There are also discrepancies between the HCV subgenotype distributions observed in this study and those found in other Brazilian states. In the states of Goiás, Paraná, Rio Grande do Sul, and São Paulo, there was a predominance of subgenotype 1a and a less remarkable representation of subgenotype 1b.17, 20 In addition, in the state of Rio de Janeiro and the Federal District, genotype 3a predominated over subgenotypes 1a and 1b.17, 20 In the analysis of the evaluated risk factors, there was a significant association between HCV genotype 1 chronic infection and sharing of glass syringes and/or needles, but the small number of patients with genotype 3 could have compromised power to show an association. Considering other risk factors, although Petruzziello et al. showed that illicit drug use was associated with genotype 3, this association was not found in the present study, in accordance with data reported by García-Montalvo and Galguera-Colorado.

In terms of clinical characteristics, some studies have shown an association between genotype 3 and hepatic steatosis,25, 26, 27 which was not observed in the present study.
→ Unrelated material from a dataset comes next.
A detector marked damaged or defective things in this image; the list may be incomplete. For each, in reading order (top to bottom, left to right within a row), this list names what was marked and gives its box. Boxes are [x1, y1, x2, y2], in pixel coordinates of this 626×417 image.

One possible cause for this difference is the small sample size, especially those with viral genotype 3. Associations of HCV genotypes with other clinical characteristics are contradictory, according to data from the literature. Other authors showed that HCV genotype 3 infection, compared to other genotype infections, may be associated with more rapid progression of liver disease and greater chance of developing cirrhosis and hepatocellular carcinoma.25, 28, 29 In turn, it was shown that patients with this genotype presented a milder degree of fibrosis than did patients with other genotypes. Moreover, although a higher risk of hepatocellular carcinoma has been reported to be associated with genotype 1 compared to genotype 3, other studies did not find differences between degrees of fibrosis in patients with different HCV genotypes,32, 33 as in the present study.
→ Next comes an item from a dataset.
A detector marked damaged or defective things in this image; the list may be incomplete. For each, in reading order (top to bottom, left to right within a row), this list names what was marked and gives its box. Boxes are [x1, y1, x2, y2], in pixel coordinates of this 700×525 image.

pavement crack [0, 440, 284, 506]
In general, data on the association between HCV genotypes and biochemical markers are also controversial. While some studies, such as the present study, have not found associations between any of the markers and viral genotypes,24, 33 others observed higher levels of aspartate aminotransferase (AST), alanine aminotransferase (ALT) and alkaline phosphatase (AP) in patients with viral genotype 1 compared to those with genotype 3.
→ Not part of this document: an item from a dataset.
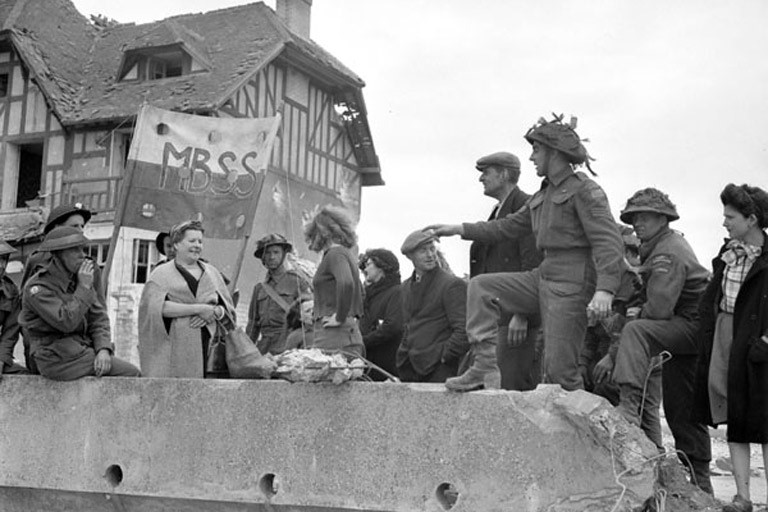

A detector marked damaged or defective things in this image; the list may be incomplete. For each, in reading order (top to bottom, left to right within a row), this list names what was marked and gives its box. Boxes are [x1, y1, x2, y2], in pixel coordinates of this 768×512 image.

damaged roof [0, 0, 364, 124]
In addition, some studies have shown that HCV genotype 1 was associated with a higher VL,13, 35 while others have shown that this parameter was independent of viral genotype, as found in the present study. Finally, the small sample size could be a limitation of the present study and highlights the need for continuous studies using larger sample sizes to draw conclusions on the association between HCV genotypes and progression of chronic hepatitis C.

Conclusion

This study demonstrates the predominance of HCV genotype 1 over genotype 3 in the state of Pará, especially in patients who reported sharing glass syringes and/or needles. This study also reinforces the existence of differences in the prevalence of viral genotypes and subgenotypes in different regions of Brazil, which has relevance, especially in terms of treatment. Another important aspect of this study is the comparison performed in terms of epidemiological, clinical and laboratory characteristics among patients with different genotypes, which showed that in the studied region, genotype had no significant interference in the clinical course of the disease, which warrants further investigations with larger sample sizes to confirm this preliminary evidence.

Conflicts of interest

The authors declare no conflicts of interest.

Funding

The study was supported by funding from the National Council for Scientific and Technological Development of Brazil (CNPQ # 480128/2013-8; #301869/2017-0) and the Federal University of Pará (PROPESP/PAPQ/2019).